» **PROBLEM TO SOLVE**
I would like the records restated word for word, without the pictures.

» **Extracted data entries**
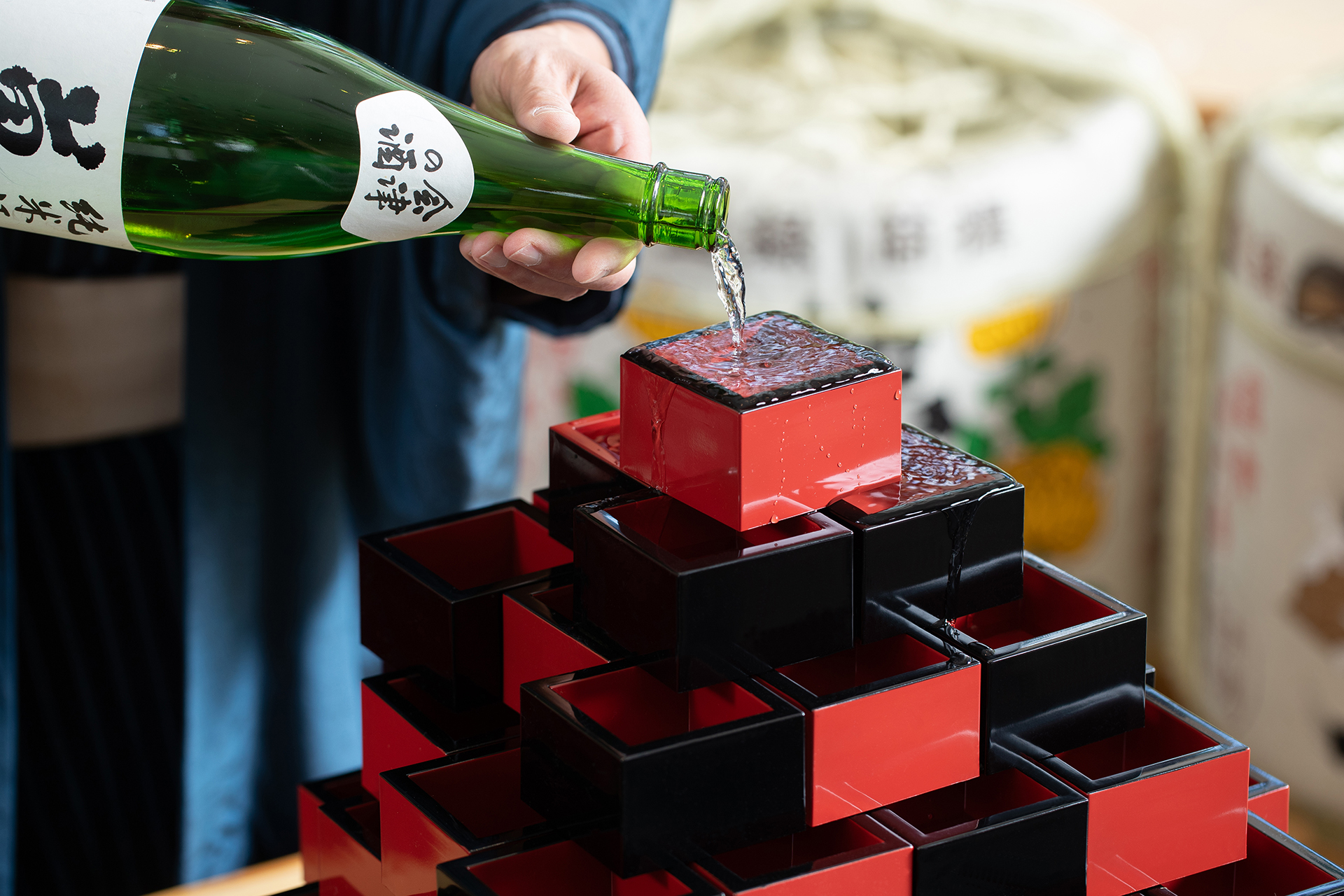 金賞受賞蔵数に応じて高さが変わる「枡タワー」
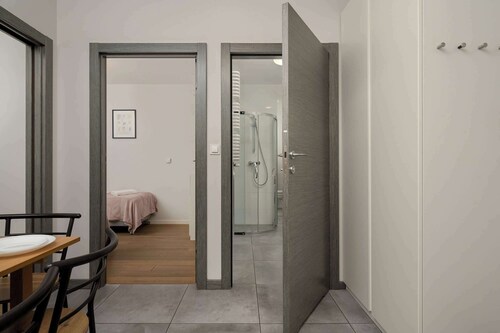 Kukuczki 7 Stylowy Apartament we Wroclawiu by Noclegi Renters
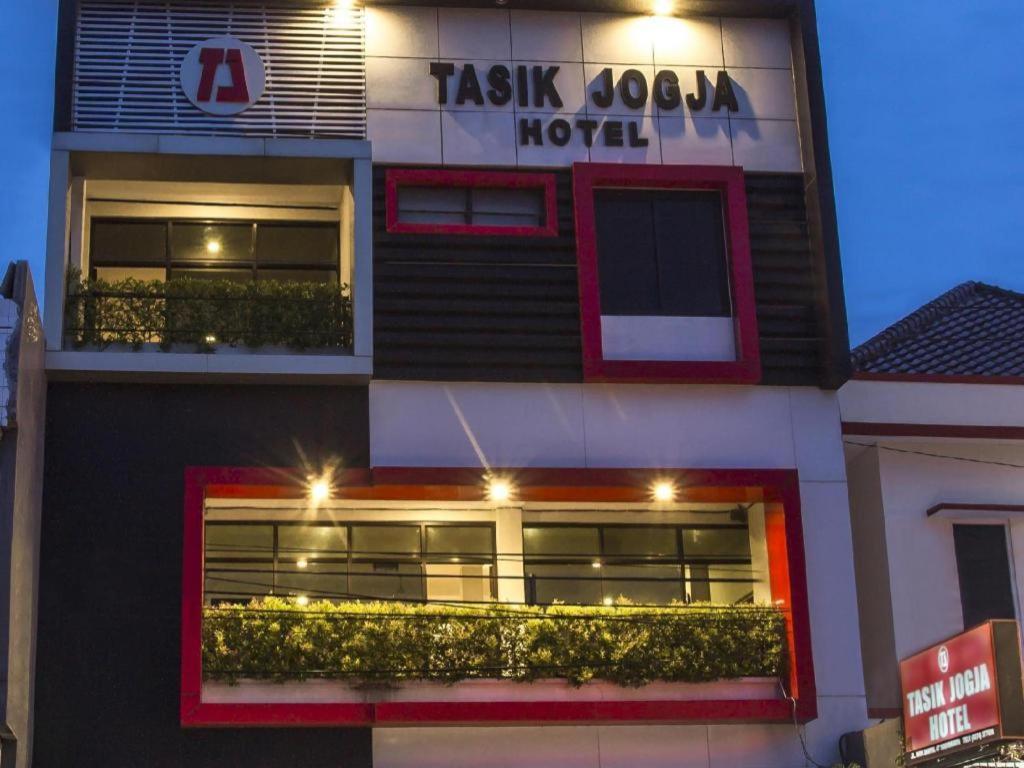 Tasik Jogja Hotel Yogyakarta Exterior foto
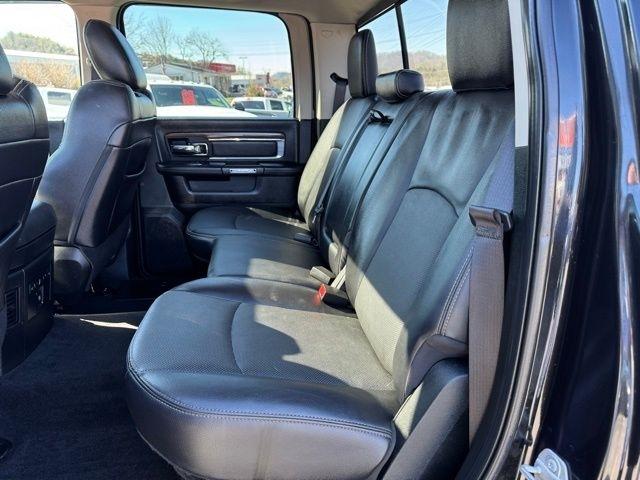 RAM 3500 Laramie 4x4 Crew Cab 8' Box 2017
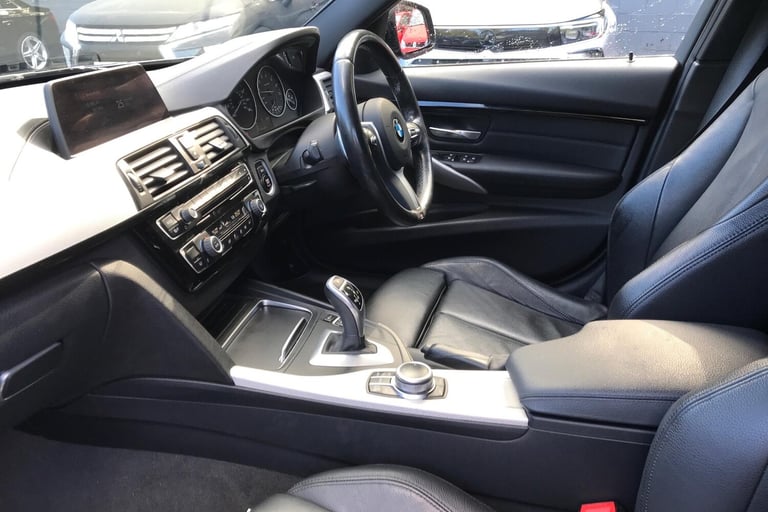  BMW 3 Series Touring 2.0 320i M Sport Touring 5dr Petrol Auto Euro 6 s/s 184 Ps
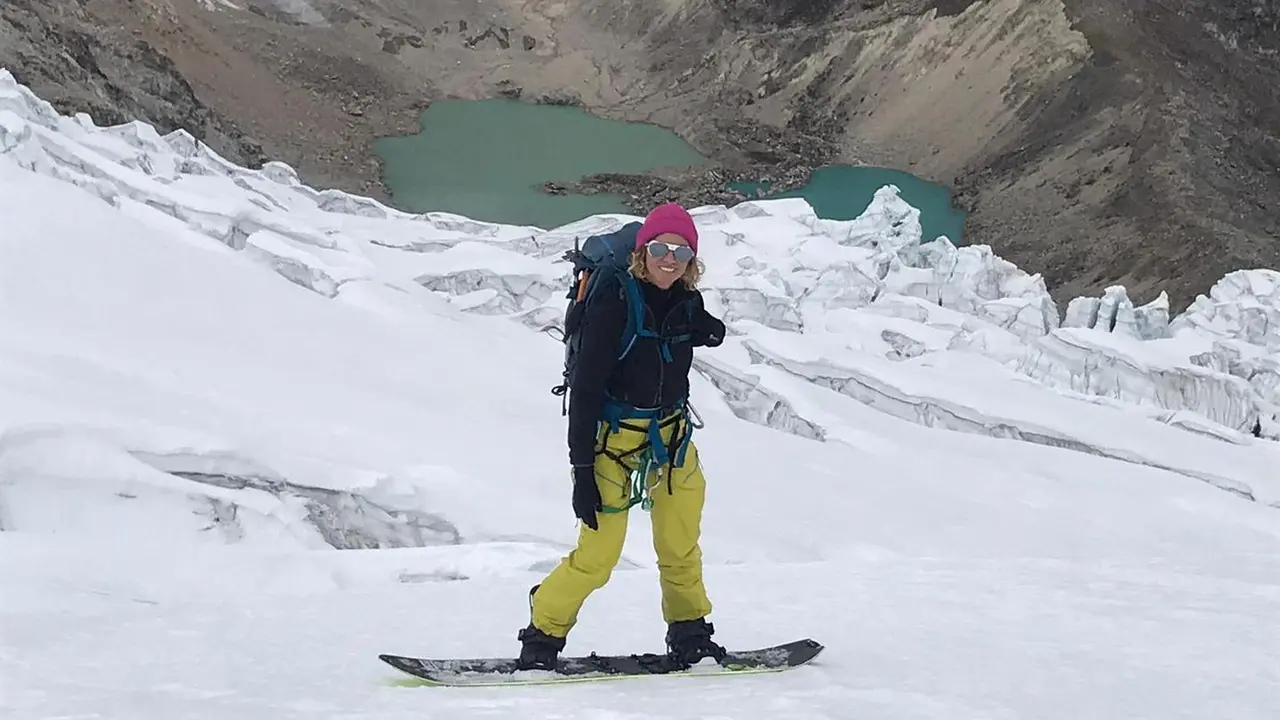 Ana Salvador, siempre con una sonrisa, ha evolucionado en su snow y ahora busca fundir los descensos sobre la tabla con la escalada. Foto: Ana Salvador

» **EXERCISE RESPONSE**
 金賞受賞蔵数に応じて高さが変わる「枡タワー」
 Kukuczki 7 Stylowy Apartament we Wroclawiu by Noclegi Renters
 Tasik Jogja Hotel Yogyakarta Exterior foto
 RAM 3500 Laramie 4x4 Crew Cab 8' Box 2017
  BMW 3 Series Touring 2.0 320i M Sport Touring 5dr Petrol Auto Euro 6 s/s 184 Ps
 Ana Salvador, siempre con una sonrisa, ha evolucionado en su snow y ahora busca fundir los descensos sobre la tabla con la escalada. Foto: Ana Salvador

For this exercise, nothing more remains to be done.